If it is implemented as such, cost for the supplier could increase and that means cost to consumers could increase.
India is a price-sensitive market, where it is important to make power affordable for a large section that does not have access to electricity. How far is it feasible to reduce dependence on cheaper coal-based power generation?
It is an important point. To reduce coal power usage by using carbon capture storage on coal power plants, there is need for a carbon price or cost. The CO2 emission must be penalised by some measure—carbon tax, carbon price, carbon trade mechanism. CCS needs to be made viable. In a cost-sensitive market, it is a challenge but it is a necessary price to make this technology possible.
Do you think the methods adopted by the Indian government for cutting carbon emissions are good enough?

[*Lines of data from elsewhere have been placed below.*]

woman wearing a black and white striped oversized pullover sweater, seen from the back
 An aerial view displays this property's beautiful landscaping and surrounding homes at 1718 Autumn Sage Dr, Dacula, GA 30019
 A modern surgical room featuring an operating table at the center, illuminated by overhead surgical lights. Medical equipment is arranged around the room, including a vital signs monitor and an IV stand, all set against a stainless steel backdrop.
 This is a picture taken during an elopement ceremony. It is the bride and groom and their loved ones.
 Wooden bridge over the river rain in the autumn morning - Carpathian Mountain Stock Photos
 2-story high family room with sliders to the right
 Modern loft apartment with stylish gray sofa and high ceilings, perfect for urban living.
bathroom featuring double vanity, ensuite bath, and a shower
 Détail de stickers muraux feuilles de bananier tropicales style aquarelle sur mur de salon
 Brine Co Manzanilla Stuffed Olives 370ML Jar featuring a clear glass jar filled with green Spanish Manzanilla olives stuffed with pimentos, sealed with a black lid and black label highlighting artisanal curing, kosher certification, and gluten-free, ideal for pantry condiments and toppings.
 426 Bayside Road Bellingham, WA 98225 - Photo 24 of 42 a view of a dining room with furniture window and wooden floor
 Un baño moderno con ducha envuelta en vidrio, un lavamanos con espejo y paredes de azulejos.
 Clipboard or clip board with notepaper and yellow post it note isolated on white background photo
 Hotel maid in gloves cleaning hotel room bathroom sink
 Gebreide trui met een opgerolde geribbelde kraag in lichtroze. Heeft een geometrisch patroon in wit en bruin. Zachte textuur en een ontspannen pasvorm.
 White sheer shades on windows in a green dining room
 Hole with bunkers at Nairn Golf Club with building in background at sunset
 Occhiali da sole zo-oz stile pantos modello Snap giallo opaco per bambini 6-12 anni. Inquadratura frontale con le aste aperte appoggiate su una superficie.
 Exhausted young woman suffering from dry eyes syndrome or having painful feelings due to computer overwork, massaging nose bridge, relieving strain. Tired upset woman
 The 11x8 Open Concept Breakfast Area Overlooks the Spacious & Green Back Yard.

The Indian government is pledging improvement by putting up programmes for energy efficiency in buildings and developing solar priorities and nuclear (energy). There are plenty of programmes for making India move towards sustainability or a low-carbon economy. We are calculating these measures and their impact. It seems to us it is much more than India has pledged at Copenhagen. It can do more. Of course, negotiations are negotiations and we understand that but what India is planning to do for the future is much more. When you calculate the individual measures into one, then I think India can do more.
When it comes to reducing the emission level, do you think India should share the same targets as developed countries?
In our calculations in this model, Indian efficiency increase and new technologies can provide very low per capita intensity trajectory. In our assumption, India should start some kind of carbon trade measures around 2030. India needs some kind of measures to price carbon, eventually.
Gas and nuclear are increasingly becoming important for India but both these fuels do not compare too well with coal in terms of pricing. How can this be addressed?
This is the challenge for India. To make low-carbon options more viable, you have to put the carbon price (right) somehow, by a carbon tax or carbon trade mechanism or some kind of regulation to give more advantage to gas or renewable or nuclear. This depends on the development and potential. Each government should design support measures like feeding rates, carbon price or government R&D money. That kind of intervention is necessary to make a low-carbon power sector.
Are you saying the government should offer subsidy?
A kind of subsidy can be given. It depends on technology. For instance, in CCS or technology which is primitive, the government should provide R&D money. On the other hand, if wind technology is getting more commercially viable, you can do not only feeding tariff (rates) but do more tradable green certificates. Depending on the level of maturity, you have to design the right tools to support technology.
How important is price decontrol?
That is important. Energy efficiency is one of the major contributions to sustainability. Subsidy or price control disturbs the market pricing. Consumers must be given the correct signal from the market, otherwise efficiency gains will not materialise.